Rural land in Sierra Leone is held by landowning families, with a chieftaincy structure that plays a significant administrative and custodial role. There exists a strong, pervasive notion of the fundamental inalienability of land from the landowning extended families and chiefdoms.
Thus, traditionally land is not leased but allocated. Statutory law, however, provides a procedure for non-natives to acquire leaseholds, requiring the consent of both the chiefdom and local councils. Investors can either lease land directly from the landowners or sublease from the government as the primary leaseholder.
In Malen Chiefdom, the SAC investment was presented as a far smaller deal than was actually the case. Local landowners and users were informed only after the decision had been made by the tribal authorities and were told to thumb print or sign without knowing or understanding the details of the agreement. Indeed, it was a full three months after the contract had been signed that it was fully read out publicly with ad hoc translation into the local language (see Box 4.1 below).
The land lease rent, amounting to US$5 per acre (US$12.50 per hectare) per year, was fixed by the government rather than negotiated with farmers. Landowners receive only 50 percent of the yearly lease payment, while the other half is divided between the different levels of government administration (the district and the chiefdom each receive 20 percent, and the national government receives 10 percent).
At the time the agreement was concluded, some villages, hoping for new employment and education opportunities, accepted the terms imposed. The anticipated opportunities, however, did not materialize. By August 2011, two more villages that had been more favourable toward the deal initially, had become critical.
“We used to have far more food.”
In times gone by, Malen Chiefdom was a farming society with a considerable degree of self-sufficiency. Today, it is a quasi-landless society dependent on uncertain and irregular demand for labor and suffering all the anxiety and uncertainty that comes with such dependency.
When SAC took over the land, farmers received a one-time payment amounting to 1 million leones (SLL) (approximately US$220) for every acre of oil palm plantation lost. No compensation was offered for other crops. This amount is relatively small compared with the annual income farmers would otherwise have earned — income that many families used to pay to send their children to school.
In the smallholder cultivation system, each family member contributed to the farm’s success. Today, the large-scale plantation requires less labor, and former farm households must rely on the income of individual family members. Jobs are largely casual, and labor is recruited on a day-to-day basis. While the plantation attracts a lot of laborers from outside the area, no provision is made for the employment of those women and men who have leased their land.
Although payment levels at the plantations are in accordance with similar investment projects in Sierra Leone, a daily wage of US$2.20 (SLL 10,000) is insufficient to cover the food needs of a family, especially in view of rising consumer prices. Between May 2011 and May 2012, market prices for food in the region affected by the large-scale land acquisitions have risen by 27 percent, on average (see Table 4.1).
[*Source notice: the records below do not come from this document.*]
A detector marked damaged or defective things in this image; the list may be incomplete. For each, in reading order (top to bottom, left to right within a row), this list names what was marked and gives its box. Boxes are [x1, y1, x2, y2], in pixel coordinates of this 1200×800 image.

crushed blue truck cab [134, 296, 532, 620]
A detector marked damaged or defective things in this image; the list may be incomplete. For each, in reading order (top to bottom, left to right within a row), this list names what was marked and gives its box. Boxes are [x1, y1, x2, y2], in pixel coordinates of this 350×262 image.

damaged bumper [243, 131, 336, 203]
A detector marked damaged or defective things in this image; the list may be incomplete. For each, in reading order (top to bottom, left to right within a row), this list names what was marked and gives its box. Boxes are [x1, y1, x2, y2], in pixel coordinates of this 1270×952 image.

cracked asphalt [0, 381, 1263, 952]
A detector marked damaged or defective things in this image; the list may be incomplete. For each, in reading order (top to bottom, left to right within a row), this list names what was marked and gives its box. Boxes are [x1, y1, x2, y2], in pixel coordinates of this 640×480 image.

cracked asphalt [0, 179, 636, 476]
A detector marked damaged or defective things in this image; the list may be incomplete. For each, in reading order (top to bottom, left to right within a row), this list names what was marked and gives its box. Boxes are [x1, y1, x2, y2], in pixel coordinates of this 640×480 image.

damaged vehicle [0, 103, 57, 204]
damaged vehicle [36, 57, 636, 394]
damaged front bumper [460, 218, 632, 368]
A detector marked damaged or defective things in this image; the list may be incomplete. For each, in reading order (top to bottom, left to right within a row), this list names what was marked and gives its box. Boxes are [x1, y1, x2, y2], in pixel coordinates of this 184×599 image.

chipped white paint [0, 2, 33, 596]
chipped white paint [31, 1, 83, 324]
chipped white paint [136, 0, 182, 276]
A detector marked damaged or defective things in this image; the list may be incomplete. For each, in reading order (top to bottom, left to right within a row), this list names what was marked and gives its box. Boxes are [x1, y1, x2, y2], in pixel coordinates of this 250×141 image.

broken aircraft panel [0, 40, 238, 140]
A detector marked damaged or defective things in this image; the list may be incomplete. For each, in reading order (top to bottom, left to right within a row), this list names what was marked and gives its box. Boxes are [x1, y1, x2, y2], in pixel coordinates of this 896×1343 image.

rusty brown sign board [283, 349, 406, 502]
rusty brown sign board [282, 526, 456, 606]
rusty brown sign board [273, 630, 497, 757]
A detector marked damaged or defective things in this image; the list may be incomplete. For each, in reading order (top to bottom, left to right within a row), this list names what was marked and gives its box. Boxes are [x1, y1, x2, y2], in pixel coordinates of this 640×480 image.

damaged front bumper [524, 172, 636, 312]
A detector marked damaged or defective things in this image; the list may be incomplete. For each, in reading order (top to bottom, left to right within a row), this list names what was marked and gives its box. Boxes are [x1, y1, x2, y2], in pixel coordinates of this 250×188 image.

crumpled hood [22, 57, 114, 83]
As the level of self-sufficiency falls and the price of food rises, access to sufficient food is becoming an issue of concern for many. All those interviewed in May 2012 cited a fall in both the quantity and quality of food available to them since the SAC deal. In particular, interviewees said that they consume less meat since bush meat is much harder to find following the clearing of forested areas for the SAC plantation.
The conversion of former agricultural areas and bush land into plantations has had other serious consequences. People are increasingly concerned about the loss of firewood (the primary source of domestic energy, as in most of Sub-Saharan Africa; and more difficult access to herbal medicines.